One way of doing this, is by taking some of the following steps:

  • Download the 2011 LSOA boundaries and extract only those that relate to Portsmouth.
  • Download the 2019 Index of Multiple Deprivation scores.
  • Decide on an accessibility measure, such as:
    • The average number of fast-food restaurants within x meters of a school within each LSOA.
    • The average distance a fast-food restaurant is from a school within each LSOA.
    • The (average) shortest distance a fast-food restaurant is from a school within each LSOA.
    • The minimum shortest distance a fast-food outlet is from a school within each LSOA.
  • Aggregate accessibility scores to the LSOA level.
  • Join the 2019 Index of Multiple Deprivation data to your LSOA dataset.
  • For each IMD decile, calculate the average for your chosen aggregate measure and produce a table.

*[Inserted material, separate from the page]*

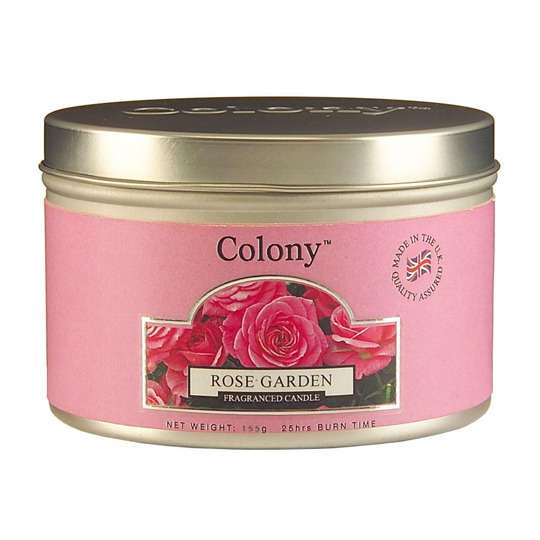 Свеча ароматическая 'Wax Lyrical Colony' (разные ароматы) / Розовый сад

Using your approach what do you think: are fast-food restaurants, on average, more accessible for students at schools that are located within LSOAs with a lower IMD decile (more deprived) when compared to students at schools that are located within LSOAs with a higher IMD decile (less deprived)?

Want more? [Optional]

We have now conducted some basic accessibility analysis, however, there is some additional fundamental challenges to consider in the context of transport network and accessibility analysis:

  1. How do the different weight profiles of the dodgr package work? How would one go about creating your own weight profile? How would using a different weight profiles affect the results of your analysis?
  2. Why do we have unconnected segments in the extracted transport network? How would you inspect these unconnected segments? Would they need to be connected? If so, how would one do this?
  3. Why you think all Origins and Destinations are mapped onto the closest network points? Is this always the best option? What alternative methods could you think of and how would you implement these?

If you want to take a deep dive into accessibility analysis, there is a great resource that got published recently: Introduction to urban accessibility: a practical guide in R.

Before you leave

Having finished this tutorial on transport network analysis and, hopefully, having been able to independently conduct some further area-profiling using IMD deciles, you have now reached the end of this week’s content.